Ya en la Grecia culta y democrática y la Roma brutal  y sanguinaria de la antigüedad, por ejemplo, las agudas contradicciones en el seno de las clases esclavistas y colonizadoras, implicaron la formación de partidos políticos opuestos entre sí, a pesar de que la inmensa mayoría de sus miembros pertenecían a la llamada nobleza purpurada, poseedora de las grandes riquezas, de los botines de guerras coloniales sangrientas y mortales, y también poseedoras de los aparatos de dominación en sus senados y centros imperiales de mando militar, comercial y económico.

Pero la verdadera historia de los partidos políticos empieza con la Revolución Burguesa Francesa, a fines del siglo 18. En este caso, el partido monárquico constitucional de los feuillants, el partido gerondino de la gran burguesía francesa comercial-industrial y el Partido Jacobino de la burguesía revolucionaria y del pueblo sencillo, fueron los partidos políticos básicos que actuaron entonces en el escenario político y reflejaron la contienda entre las principales fuerzas de clase en Francia.

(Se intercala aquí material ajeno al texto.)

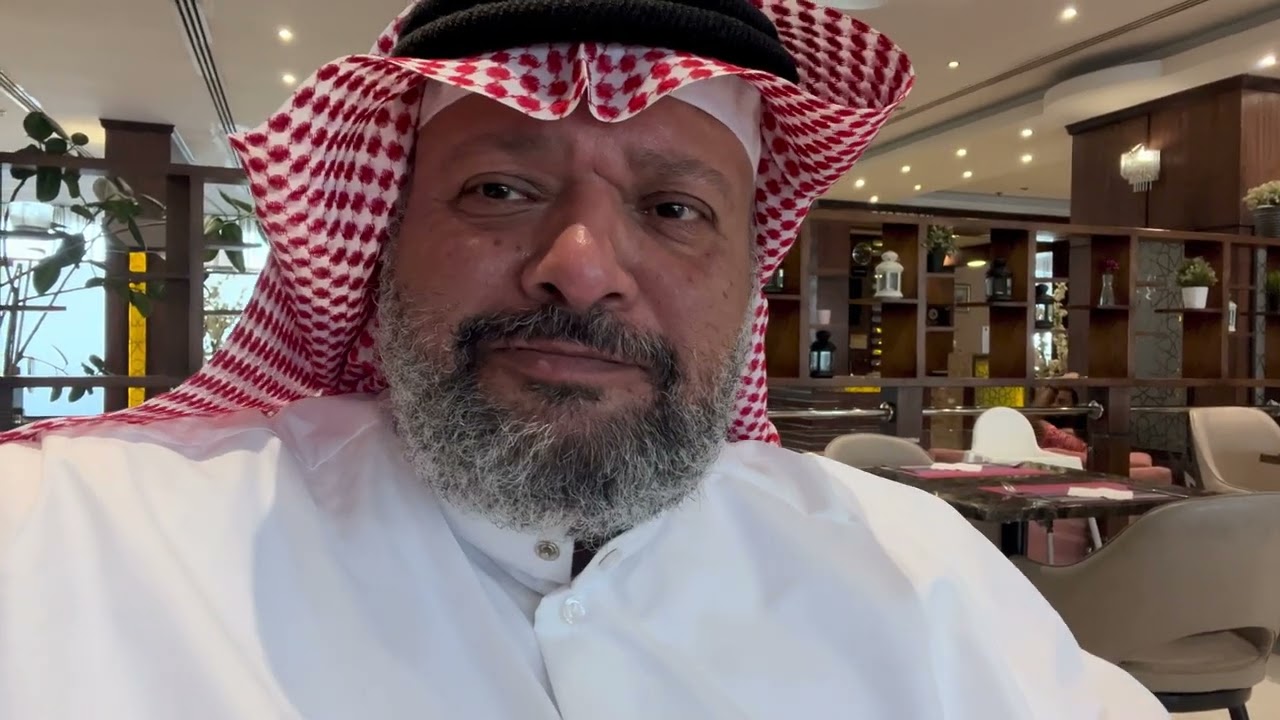 بعد العمليه رحله الى #البحرين وفطور فندق كيان After the operation, a trip to #Bahrain and breakfast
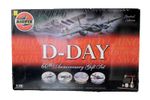 AIRFIX '1:72' SCALE 08601 D-DAY 60TH ANNIVERSARY SET OF 4 MODEL KIT PLANES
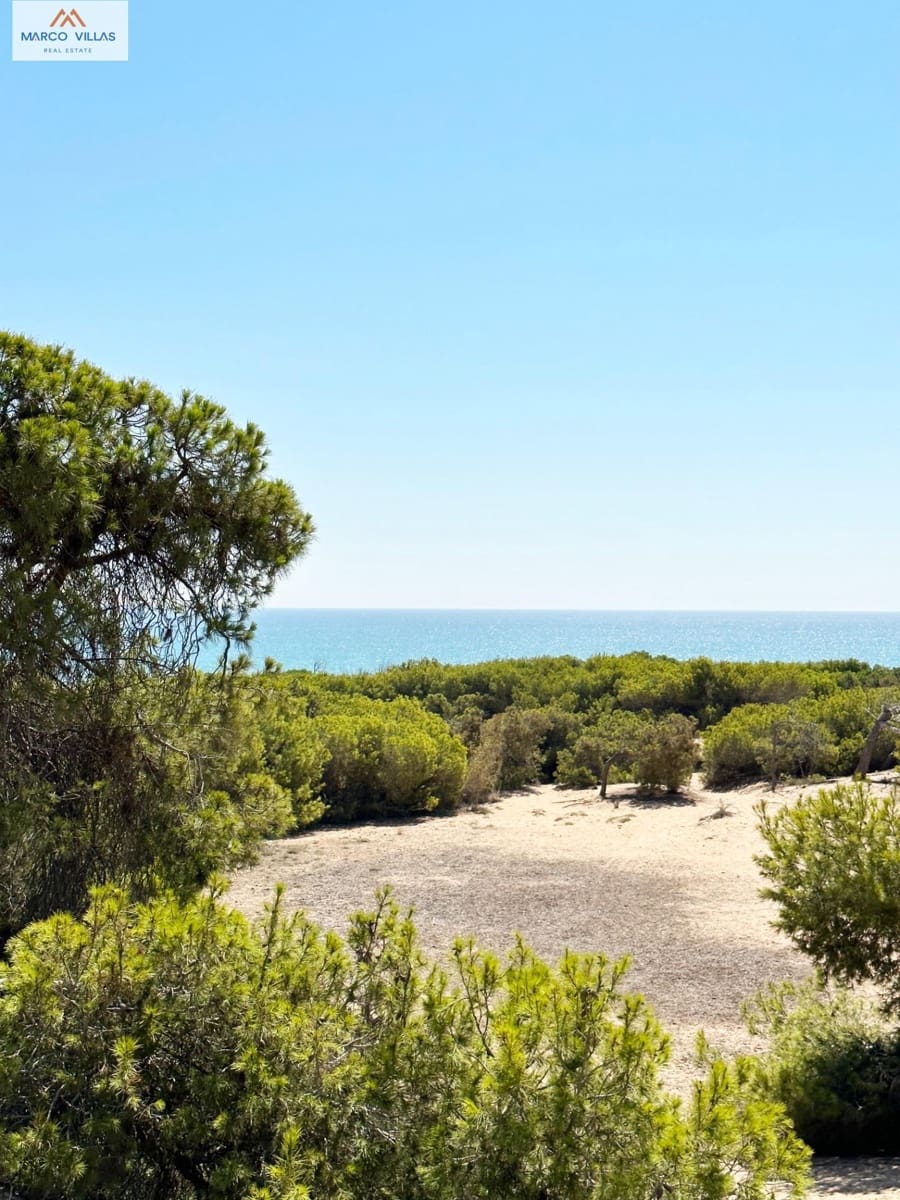 3 soveværelse Lejlighed til salg i El Moncayo med swimmingpool garage - € 255.000 (Ref: 7772571)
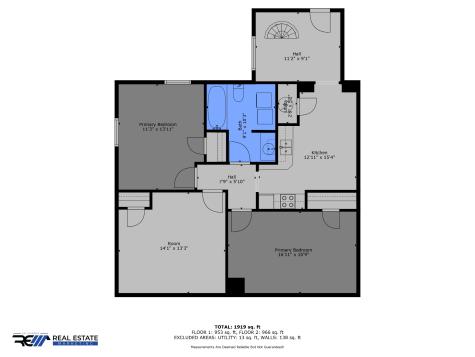 245 Georgia Avenue Clarksville TN 37040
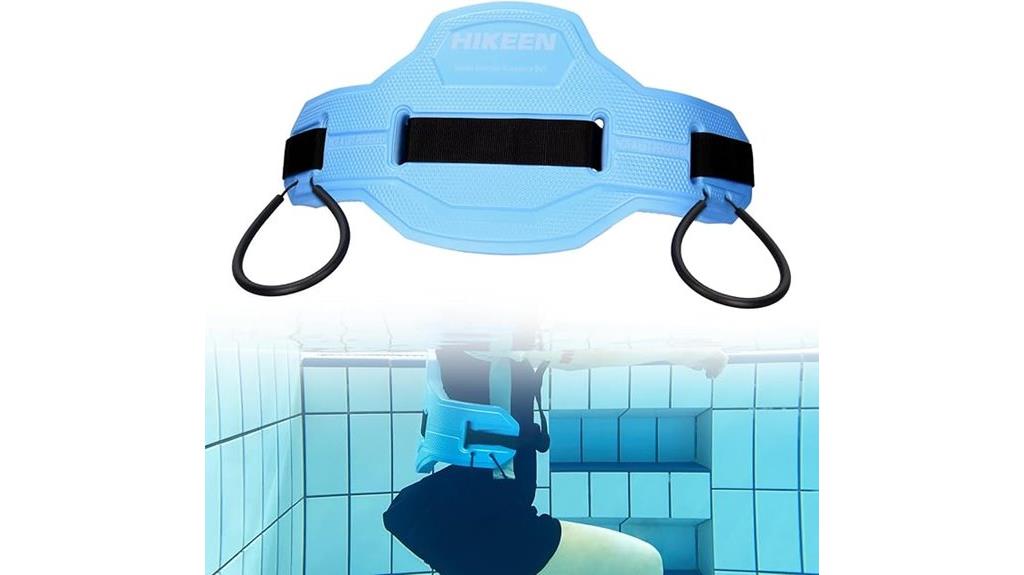 water aerobics fitness accessory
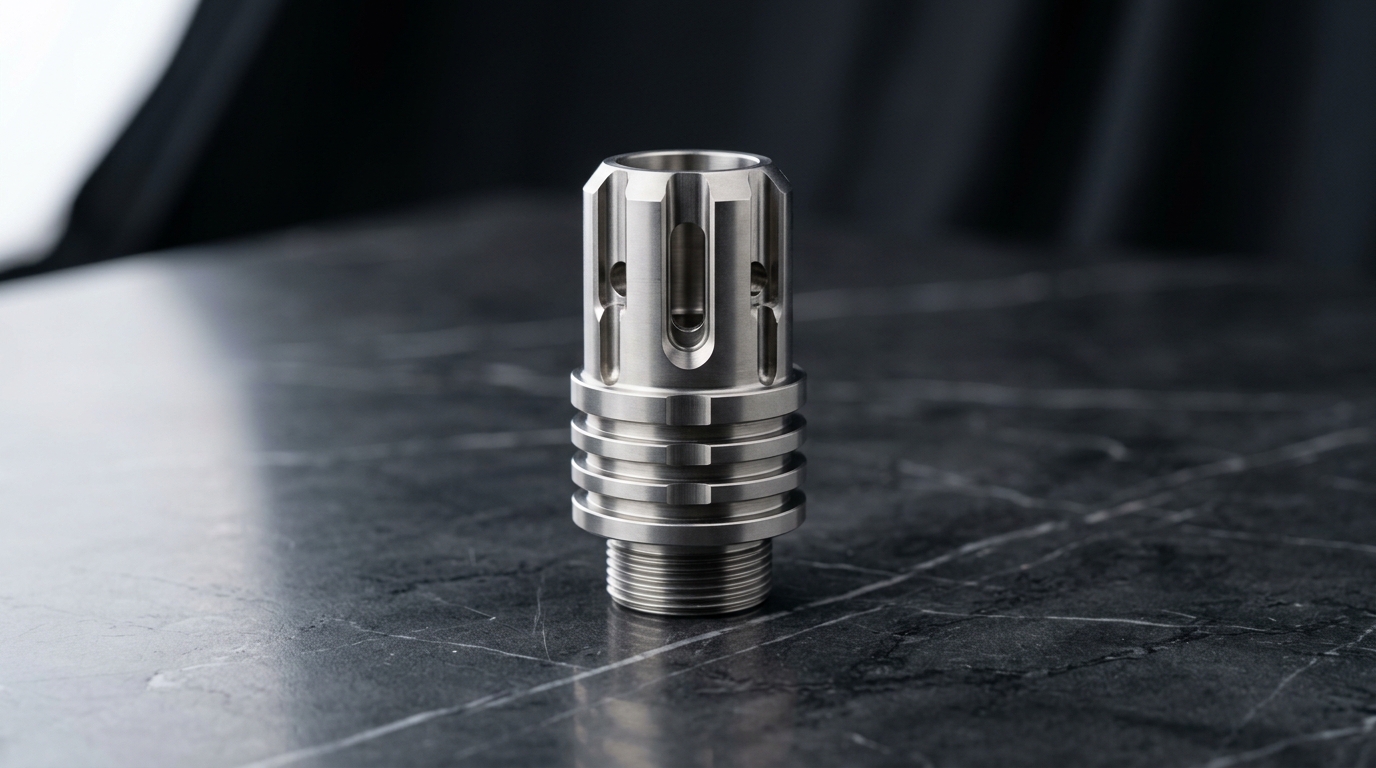 Anodizing Guide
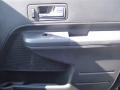 2007 Black Ford Edge SEL AWD  photo #18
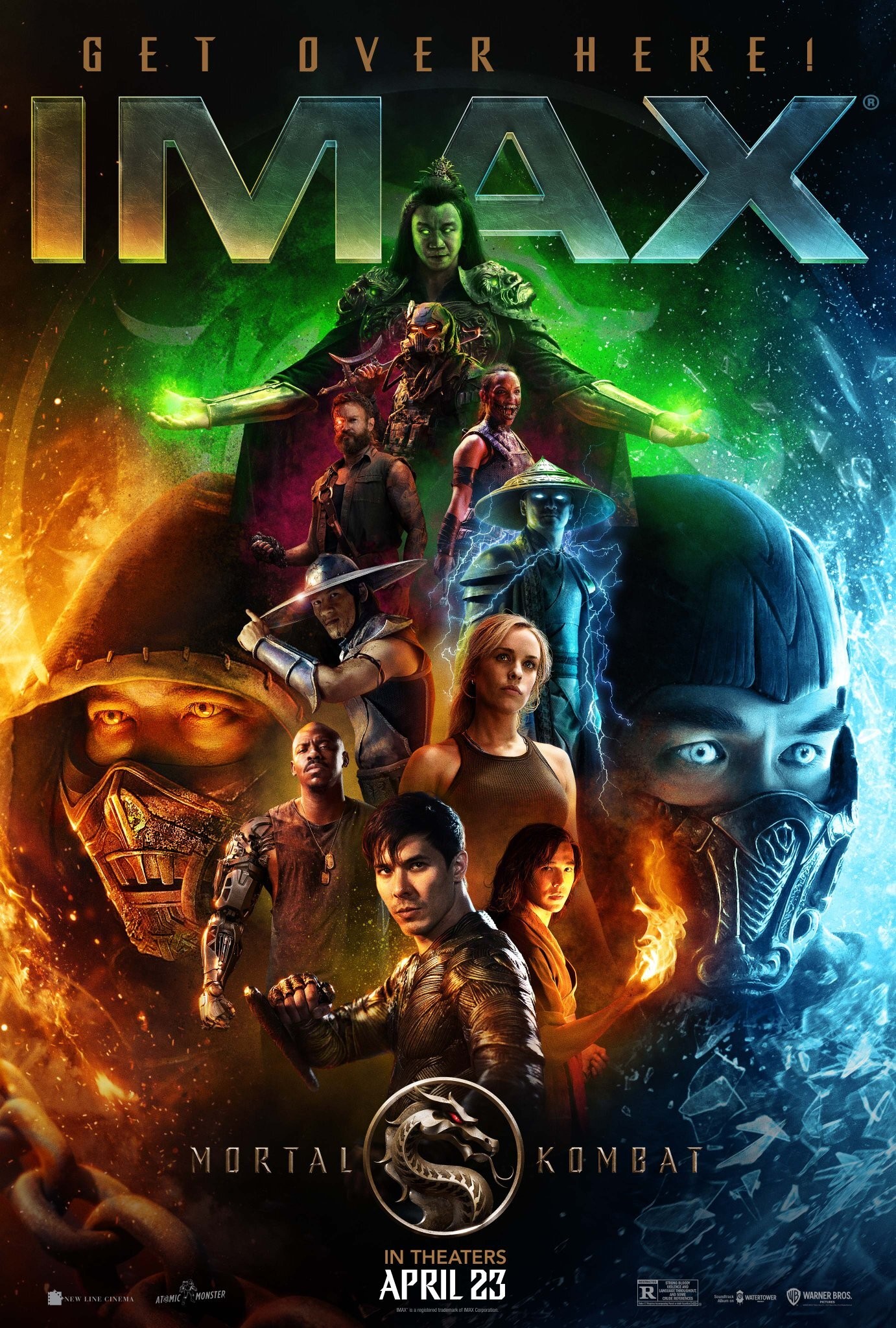 Movie Image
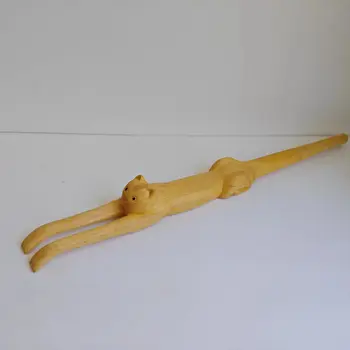 10 nejlepší prodej masážní nástroj s lechtáním - №1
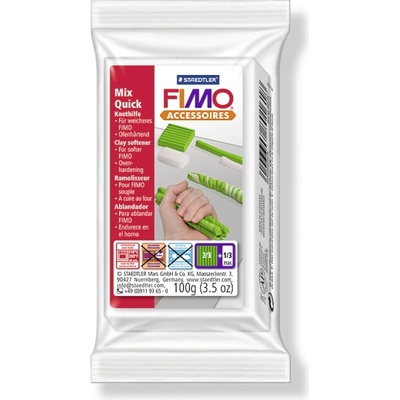FIMO Омекотител за глина Staedtler Fimo Mix Quick 8026 (21916-А)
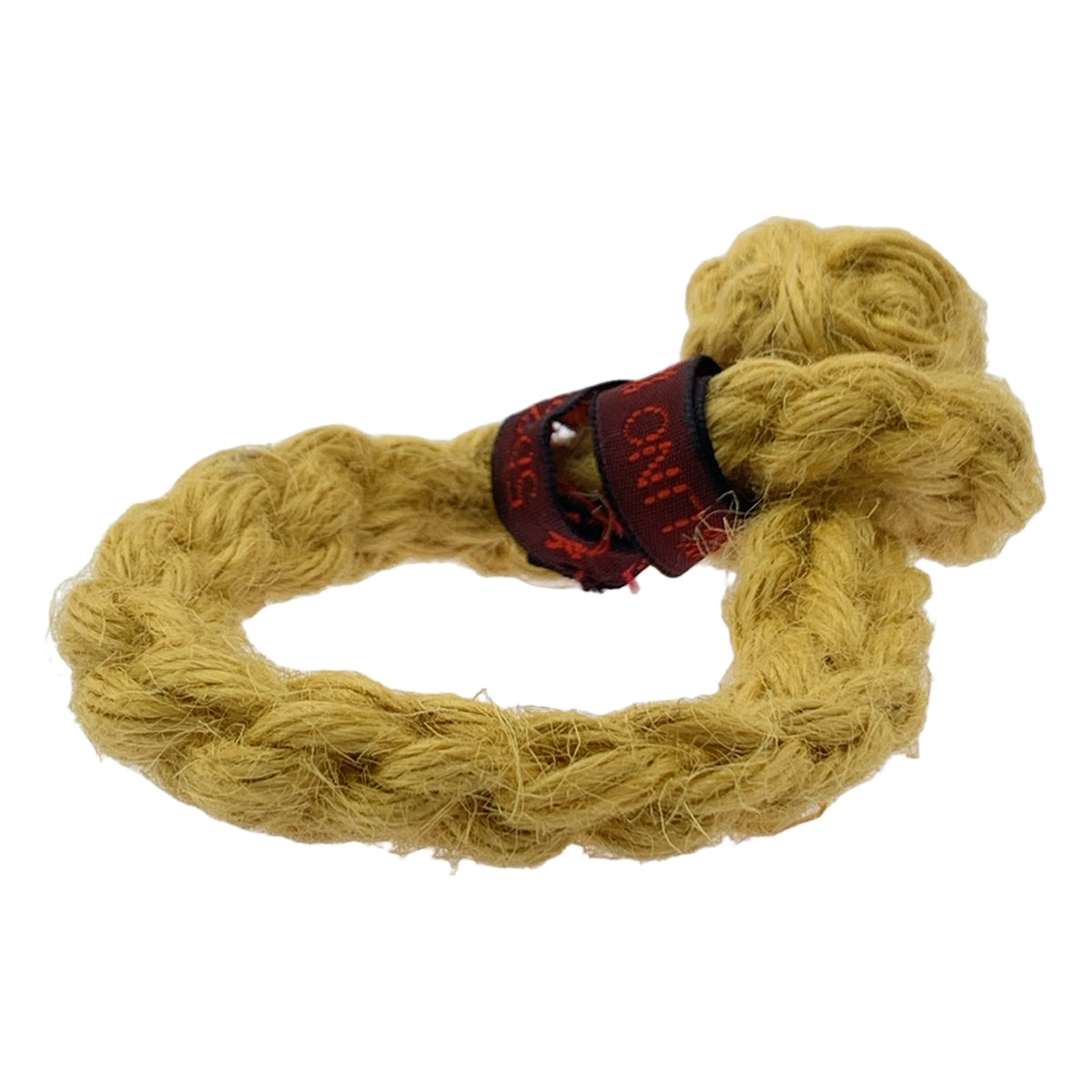 丹妮拉·格雷吉斯 |編織手鍊|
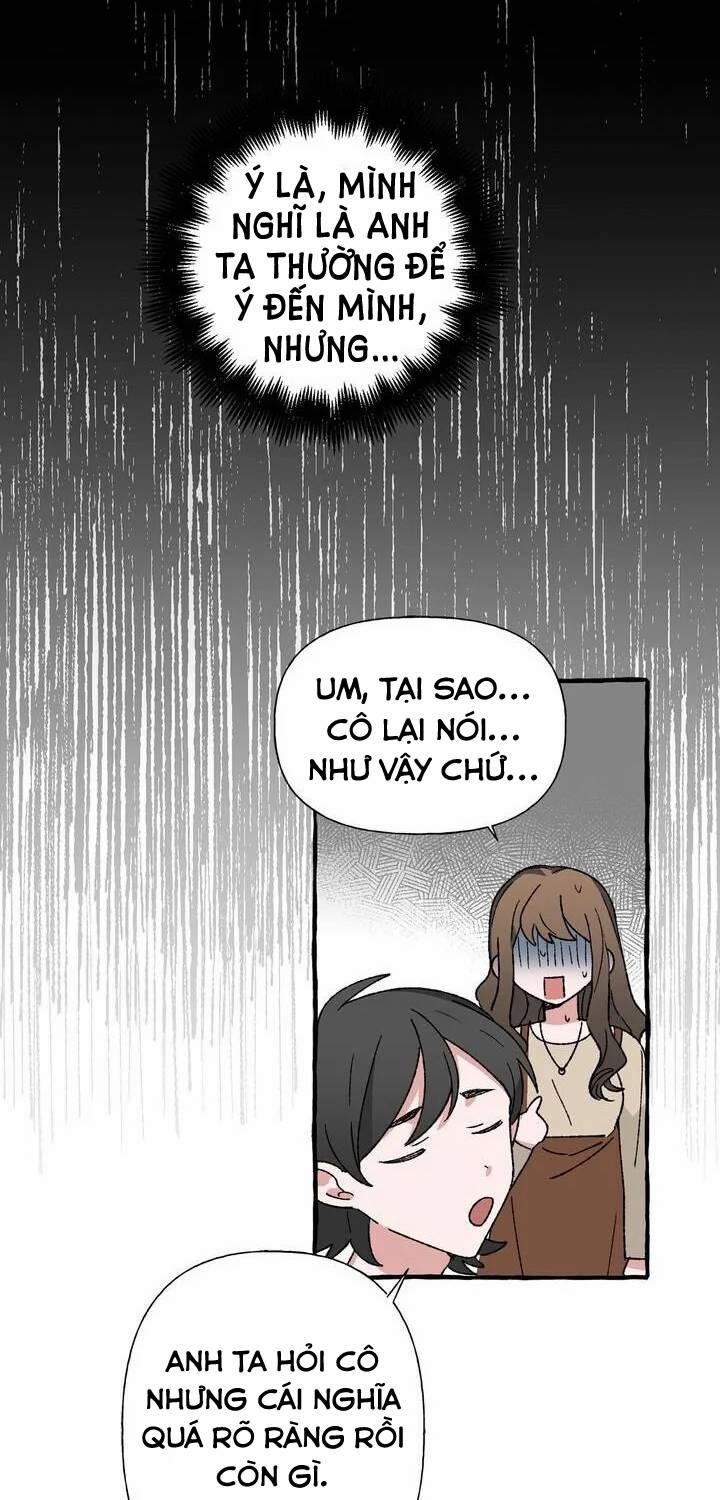 Nhân Viên Mới Của Masung 11 trang 16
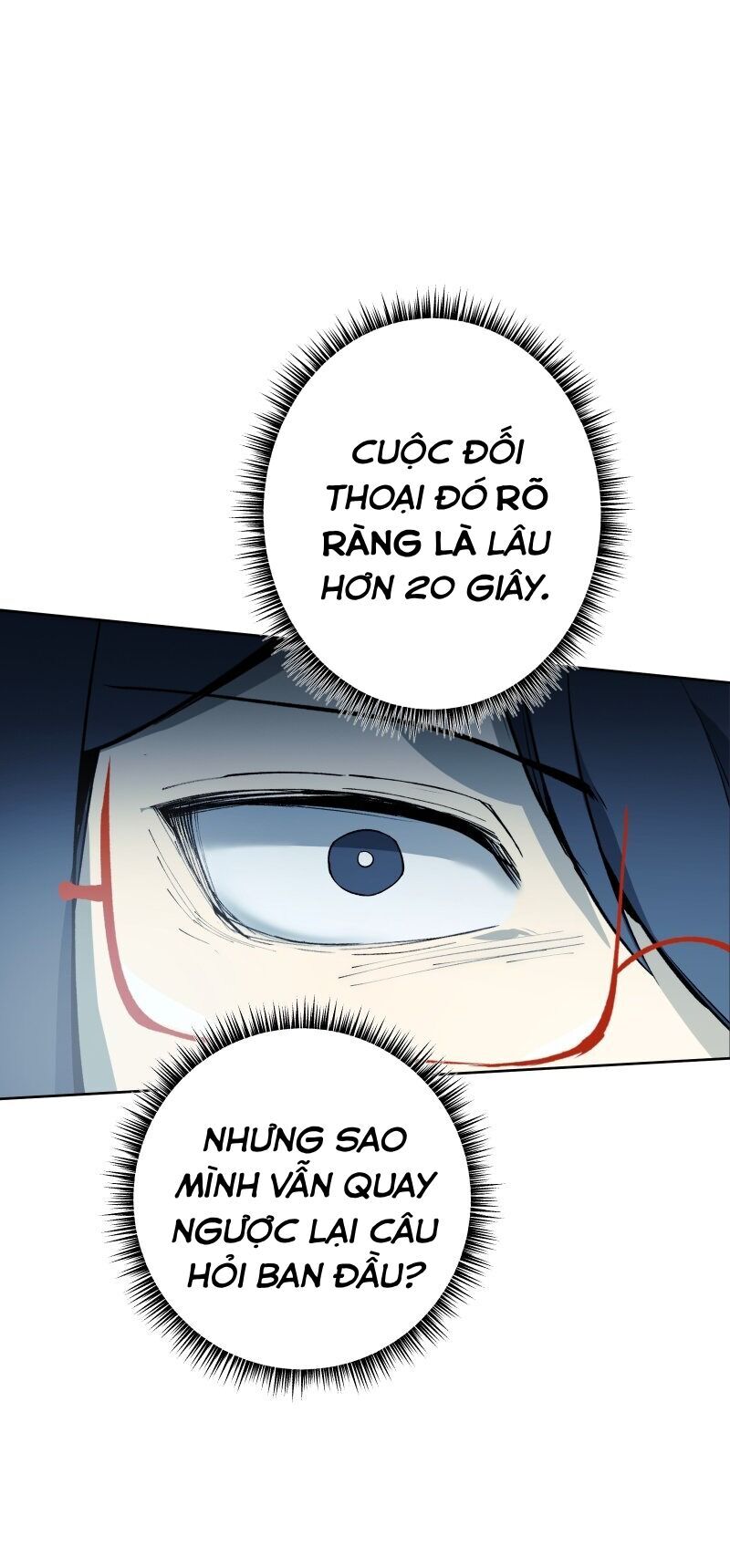 Hand Jumper Chap 42 - Next Chap 43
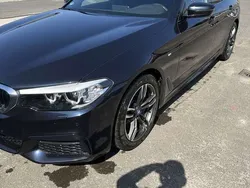 Gebraucht 2019 BMW 530 M Sport Limousine | 28.000 € (Fairer Preis)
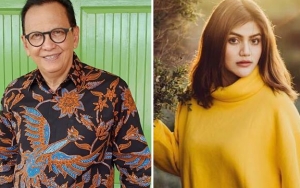 Roy Marten Beber Gading Happy Usai Cerai, Foto Lawas Hilda Vitria Mesra Curi Perhatian-Topik Pagi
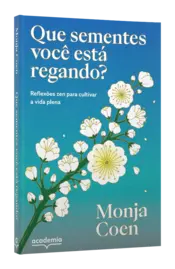 Capa Que sementes você está regando? 0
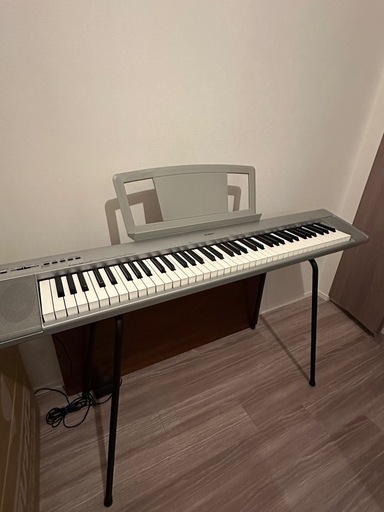 【美品】YAMAHA NP30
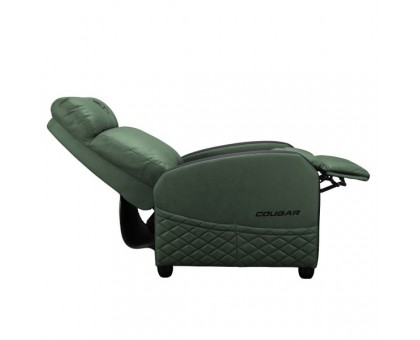 Крісло-софа Cougar RANGER ELITE Army Green, колір зелений Крісло-софа Cougar RANGER ELITE Army Green, колір зелений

En la sociedad actual, en correspondencia con su estructura, los partidos políticos pueden ser, como en el caso de Nicaragua y otras partes de Centroamérica y América Latina: de conservadores, de liberales, de socialcristianos, de terratenientes, de campesinos, de evangélicos, de pequeños burgueses, de “liberales independientes”, y, por supuesto, partidos revolucionarios, de Liberación Nacional para transformar la sociedad explotadora en una sociedad más justa y socialista, como el Frente Sandinista de Liberación Nacional en Nicaragua y el Frente Farabundo Martí para la Liberación Nacional de El Salvador, conocido también como FMLN.

En el caso concreto del  Frente Sandinista de Liberación Nacional, este se nutre de profesionales, académicos, intelectuales, obreros, técnicos, campesinos medios y pobres, empresarios medianos y pequeños, comerciantes medianos y pequeños, de hombres y mujeres que son “trabajadores por cuenta propia”, de amas de casa, seres humanos nicaragüenses con oficios muy diversos: sastres, costureras, hojalateros, talabarteros, barberos, enfermeros y enfermeras, etc.

Antes del Triunfo de la Revolución Sandinista en 1979, en Nicaragua sólo podían participar en el juego político electoral los llamados “partidos tradicionales”, el Partido Liberal Nacionalista, brazo civil y político de la dictadura somocista genocida; y el Conservador, conocido como “zancudo”, “colaboracionista”, porque servía para las elecciones fraudulentas de la tiranía de la familia Somoza Debayle.

A diferencia de las clases, surgidas espontáneamente, los partidos políticos son constituidos legalmente (o sin Ley) y actúan consciente y planificadamente en busca de conquistar el poder político nacional o municipal.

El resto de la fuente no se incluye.